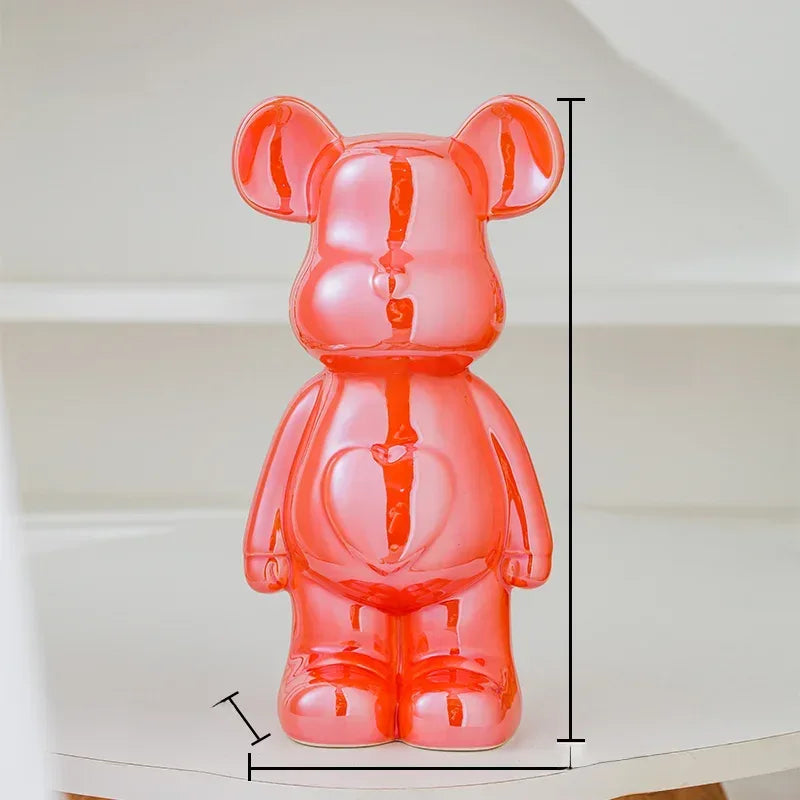 17/27/cm Aesthetic Bear brick Ceramic Staute Teddy Bear decor action figure Sculptures Ornament for room Home Decoration Crafts - Urbizia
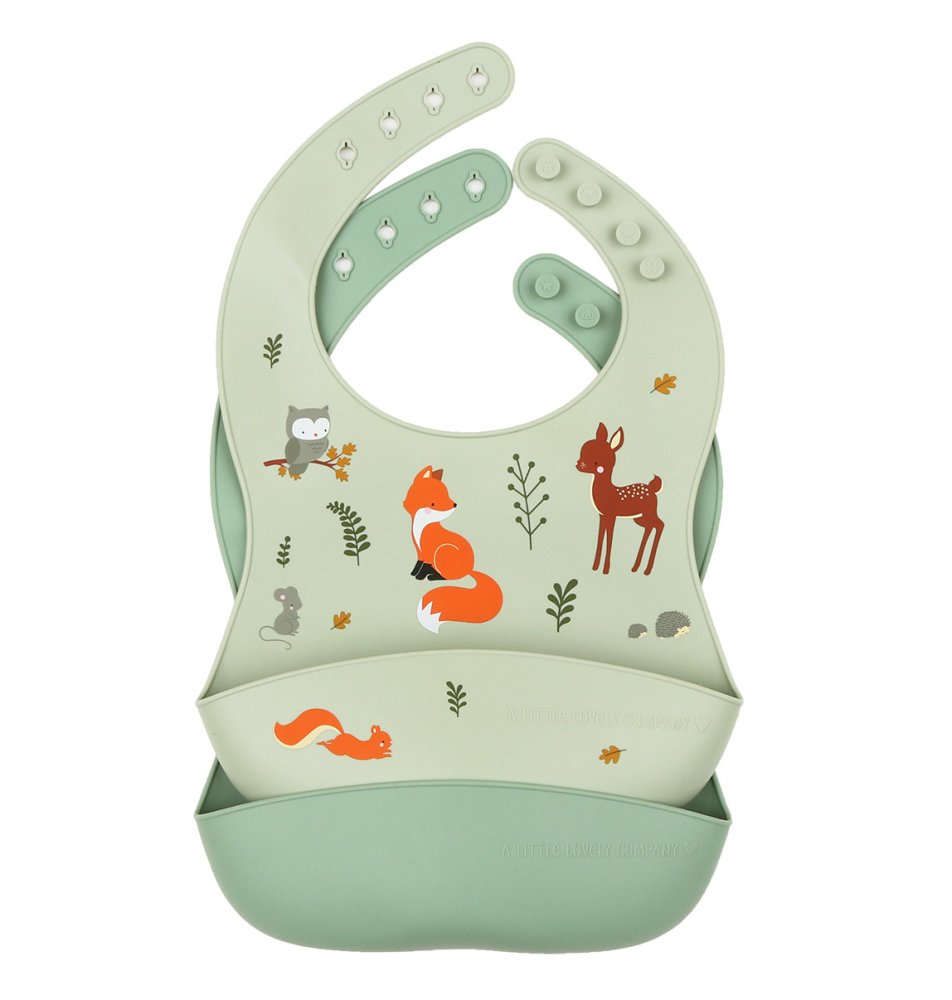 A Little Lovely Company - Set de 2 bavoirs en silicone - Les amis de la forêt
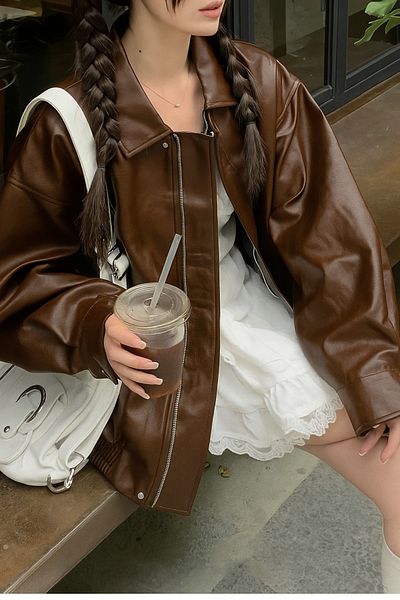 çerme Vintage γυναικείο δερμάτινο μπουφάν Oversize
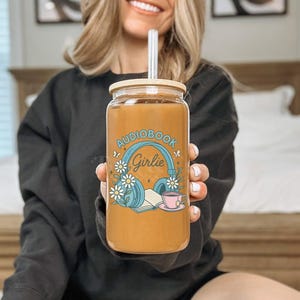 Audio Book Girlie Glass Tumbler | Bamboo Lid and Glass Straw Included | Bookish Lover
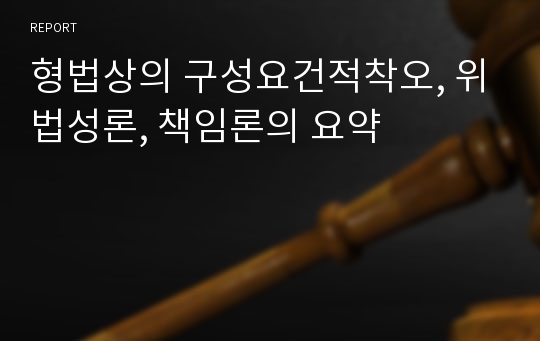 형법상의 구성요건적착오, 위법성론, 책임론의 요약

————————

Exercise: Could you write out exactly the lines running from the one with "çerme Vintage γυναικείο" through the last line of the data above, both ends kept, and omit any picture?

Worked solution:
 çerme Vintage γυναικείο δερμάτινο μπουφάν Oversize
 Audio Book Girlie Glass Tumbler | Bamboo Lid and Glass Straw Included | Bookish Lover
 형법상의 구성요건적착오, 위법성론, 책임론의 요약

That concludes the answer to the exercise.